Sharing pets for play dates

University of Otago lecturer Lesley Smith (left), of St Kilda, and student Lisa Hammersley, of...
University of Otago lecturer Lesley Smith (left), of St Kilda, and student Lisa Hammersley, of North Dunedin, walk dog Ted on the path to Second Beach in St Clair on Saturday. PHOTO: SHAWN MCAVINUE
The founders of a business matching pets and people for play dates visited Dunedin recently.

Share My Pet co-founder Lili Wenzel said she and her husband David Johnson launched the pet sharing website in Nelson about 18 months ago.

The online platform connects pet owners (sharers) and people without pets (carers) and had been compared to a dating site, such as Tinder.

On the site, the carers and pets have profiles.

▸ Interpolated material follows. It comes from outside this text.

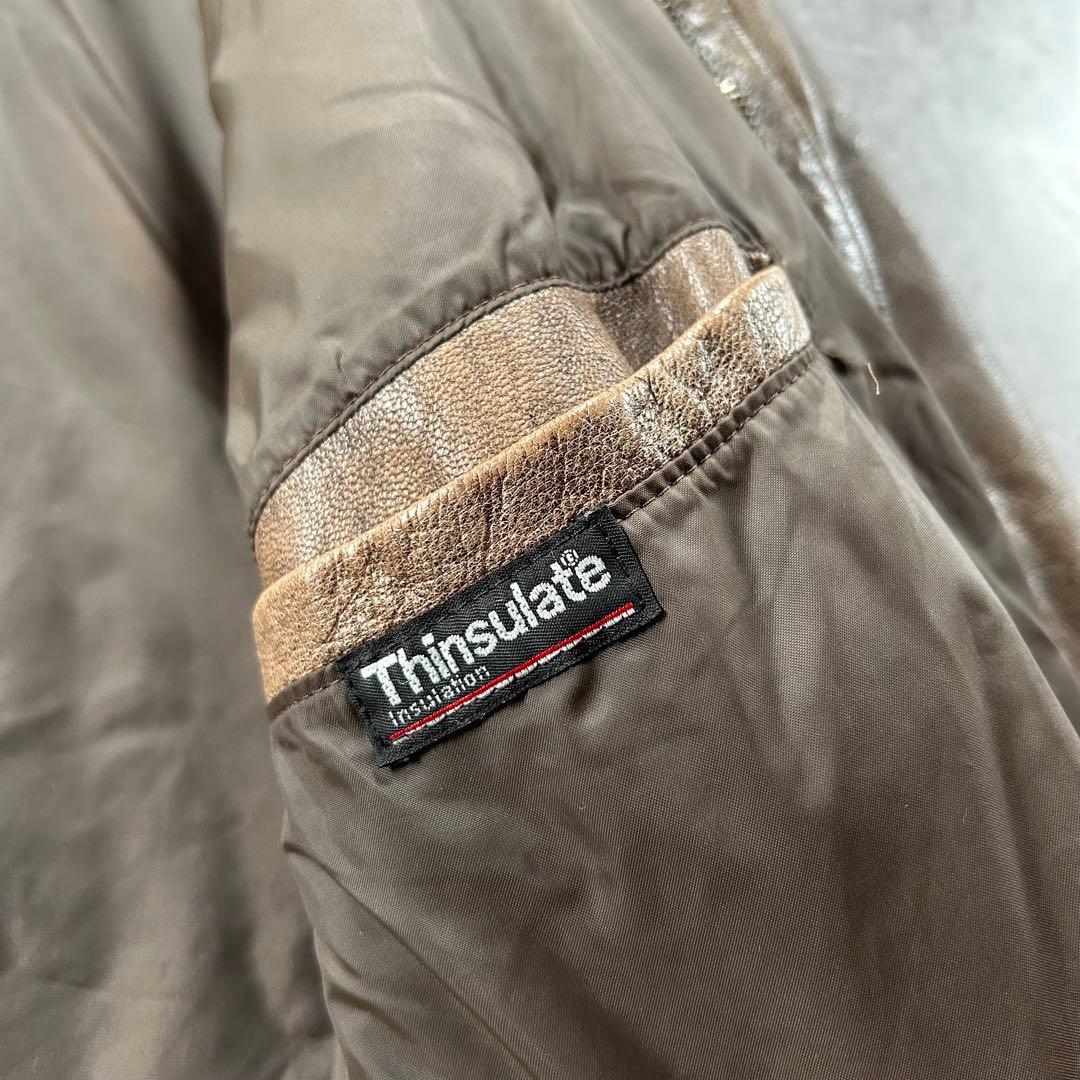 80s エルエルビーン A-2フライトジャケット USA製 ブラウン 46 本革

A pet's profile includes information such as breed and temperament.

Pets profiled on the site included birds, cats, chickens, horses and rabbits.

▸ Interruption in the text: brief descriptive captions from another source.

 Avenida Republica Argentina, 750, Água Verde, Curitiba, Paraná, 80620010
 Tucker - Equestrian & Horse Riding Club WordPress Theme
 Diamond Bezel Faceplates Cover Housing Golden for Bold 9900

The sharers and carers could engage in activities such as walking, cuddle time, grooming, feeding and holiday care.

The couple were on a road show to promote their product across the South Island and were in Dunedin last weekend.

Mrs Wenzel said the event at Long Dog Cafe in St Clair was a chance to spread the word of the business.

Anyone could register free of charge and visit the website to see the pets available in their city.

"You may love the look of a cute chihuahua or a particular pony - that's when you pay the membership fee.''

The annual fee was about $50 a year and nearly 1000 people had registered nationally.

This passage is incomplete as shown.